Black Forest Labs releases FLUX.2 [klein], a compact picture mannequin household that targets interactive visible intelligence on client {hardware}. FLUX.2 [klein] extends the FLUX.2 line with sub second era and enhancing, a unified structure for textual content to picture and picture to picture, and deployment choices that vary from native GPUs to cloud APIs, whereas retaining state-of-the-art picture high quality.
From FLUX.2 [dev] to interactive visible intelligence
FLUX.2 [dev] is a 32 billion parameter rectified circulation transformer for textual content conditioned picture era and enhancing, together with composition with a number of reference photographs, and runs primarily on knowledge heart class accelerators. It’s tuned for optimum high quality and adaptability, with lengthy sampling schedules and excessive VRAM necessities.
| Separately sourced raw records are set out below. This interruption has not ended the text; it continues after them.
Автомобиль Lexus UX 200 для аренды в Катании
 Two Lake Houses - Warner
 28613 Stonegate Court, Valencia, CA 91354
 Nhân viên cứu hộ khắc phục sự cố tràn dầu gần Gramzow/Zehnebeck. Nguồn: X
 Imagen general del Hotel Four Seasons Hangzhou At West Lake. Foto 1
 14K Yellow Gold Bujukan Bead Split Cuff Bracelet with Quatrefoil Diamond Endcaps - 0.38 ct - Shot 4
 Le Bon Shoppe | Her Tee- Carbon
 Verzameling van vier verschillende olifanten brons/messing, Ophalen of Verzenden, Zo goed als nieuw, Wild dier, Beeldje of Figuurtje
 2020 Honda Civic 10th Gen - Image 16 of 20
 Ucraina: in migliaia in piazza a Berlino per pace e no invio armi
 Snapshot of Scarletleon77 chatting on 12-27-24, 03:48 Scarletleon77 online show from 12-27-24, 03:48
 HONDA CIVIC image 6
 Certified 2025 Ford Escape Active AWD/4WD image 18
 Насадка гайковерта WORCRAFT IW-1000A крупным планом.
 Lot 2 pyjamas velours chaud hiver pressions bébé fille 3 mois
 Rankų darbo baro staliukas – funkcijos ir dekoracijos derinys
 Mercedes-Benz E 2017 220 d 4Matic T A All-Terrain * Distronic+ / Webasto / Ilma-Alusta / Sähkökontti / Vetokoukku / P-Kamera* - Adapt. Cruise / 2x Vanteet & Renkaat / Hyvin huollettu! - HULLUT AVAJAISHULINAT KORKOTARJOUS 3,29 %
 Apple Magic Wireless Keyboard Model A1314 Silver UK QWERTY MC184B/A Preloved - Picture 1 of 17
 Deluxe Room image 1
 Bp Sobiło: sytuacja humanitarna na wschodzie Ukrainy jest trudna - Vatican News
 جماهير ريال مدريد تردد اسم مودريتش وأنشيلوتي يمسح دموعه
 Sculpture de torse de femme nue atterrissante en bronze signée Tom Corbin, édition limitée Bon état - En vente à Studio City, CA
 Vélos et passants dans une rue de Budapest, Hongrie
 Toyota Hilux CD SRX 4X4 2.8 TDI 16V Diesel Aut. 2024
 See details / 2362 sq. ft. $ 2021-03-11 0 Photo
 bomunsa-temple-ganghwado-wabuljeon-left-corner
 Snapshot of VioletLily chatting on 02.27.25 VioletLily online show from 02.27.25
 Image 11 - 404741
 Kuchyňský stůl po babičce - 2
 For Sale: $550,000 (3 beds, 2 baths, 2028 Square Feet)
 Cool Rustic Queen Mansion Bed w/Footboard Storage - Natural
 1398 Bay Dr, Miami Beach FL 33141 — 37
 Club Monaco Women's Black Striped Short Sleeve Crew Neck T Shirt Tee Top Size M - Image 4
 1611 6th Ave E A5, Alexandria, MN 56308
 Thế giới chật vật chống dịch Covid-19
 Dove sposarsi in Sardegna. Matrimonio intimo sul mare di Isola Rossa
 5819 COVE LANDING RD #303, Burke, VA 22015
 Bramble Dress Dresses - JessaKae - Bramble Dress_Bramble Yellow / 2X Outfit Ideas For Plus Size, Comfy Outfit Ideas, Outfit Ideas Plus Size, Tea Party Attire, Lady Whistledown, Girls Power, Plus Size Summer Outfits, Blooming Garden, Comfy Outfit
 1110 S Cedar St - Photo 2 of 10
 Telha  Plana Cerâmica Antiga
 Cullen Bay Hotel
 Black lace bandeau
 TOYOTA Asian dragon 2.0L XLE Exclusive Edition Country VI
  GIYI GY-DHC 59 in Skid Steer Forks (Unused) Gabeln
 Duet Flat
FLUX.2 [klein] takes the identical design course and compresses it into smaller rectified circulation transformers with 4 billion and 9 billion parameters. These fashions are distilled to very brief sampling schedules, assist the identical textual content to picture and multi reference enhancing duties, and are optimized for response occasions under 1 second on fashionable GPUs.
Mannequin household and capabilities
The FLUX.2 [klein] household consists of 4 important open weight variants by way of a single structure.
- FLUX.2 [klein] 4B
- FLUX.2 [klein] 9B
- FLUX.2 [klein] 4B Base
- FLUX.2 [klein] 9B Base
FLUX.2 [klein] 4B and 9B are step distilled and steerage distilled fashions. They use 4 inference steps and are positioned because the quickest choices for manufacturing and interactive workloads. FLUX.2 [klein] 9B combines a 9B circulation mannequin with an 8B Qwen3 textual content embedder and is described because the flagship small mannequin on the Pareto frontier for high quality versus latency throughout textual content to picture, single reference enhancing, and multi reference era.
The Base variants are undistilled variations with longer sampling schedules. The documentation lists them as basis fashions that protect the whole coaching sign and supply larger output range. They’re meant for effective tuning, LoRA coaching, analysis pipelines, and customized submit coaching workflows the place management is extra necessary than minimal latency.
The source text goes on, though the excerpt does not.